新版 究極の鍛錬』(ジョフ・コルヴァン 著、米田 隆 訳、サンマーク出版)は、ロングセラーとして知られる同名書籍の新版。

2010年に発売された原著は大きな話題を呼んだので、記憶に残っている方もいらっしゃるかもしれません。結果的には20カ国以上で翻訳され、長きにわたって読み継がれることになったのでした。

そこで明らかにされていたのは、「世界的な業績をあげている人々はどこが違うのか?」という問題についての回答。徹底的な調査を重ねていった著者は、天才と呼ばれる人たちが、共通する原則に基づいて鍛錬を行っていたことを明らかにしたのです。

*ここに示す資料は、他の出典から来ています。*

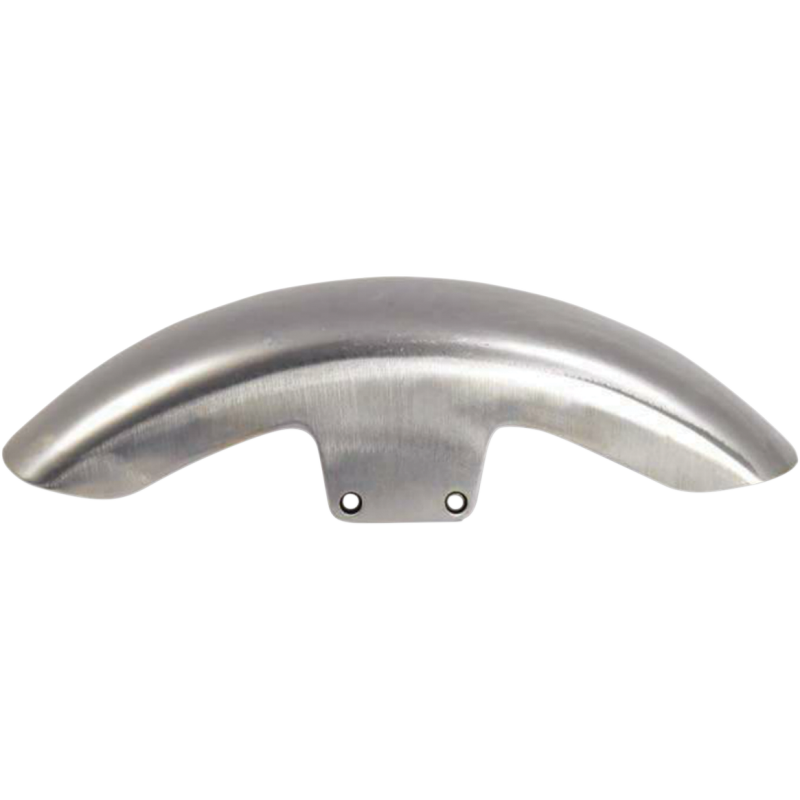 Drag Specialties Fat Boy/Slim Front Fenders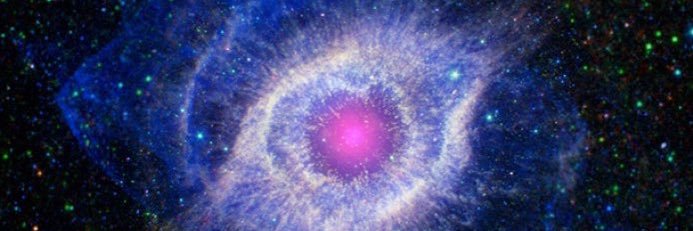 educater011's profile banner image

ちなみに著者は「フォーチュン」誌上級編集長であり、アメリカでもっとも支持されるジャーナリストのひとりとして広く講演・評論活動を行っている人物です。

「できること、できないことは不可思議な天賦の才能の有無によって決まるのではない」ということを研究が示していた。

「天賦の才能など存在しない」ということを示唆する研究さえある。その代わり、研究者たちが「究極の鍛錬」と呼ぶ、よく練られた一連の訓練法が、私たち自身の達成レベルをほぼ左右していることが示された。成功への過程は本来我々が自分でコントロールできるのだ。(「はじめに」より)

しかし、著者には気になることもあるようです。多くの人が本書のメッセージを受け入れ活用しているにもかかわらず、いまだに「天賦の才能が大事だ」という信念や「自分には才能がない」という思い込みに縛られている人もいるということ。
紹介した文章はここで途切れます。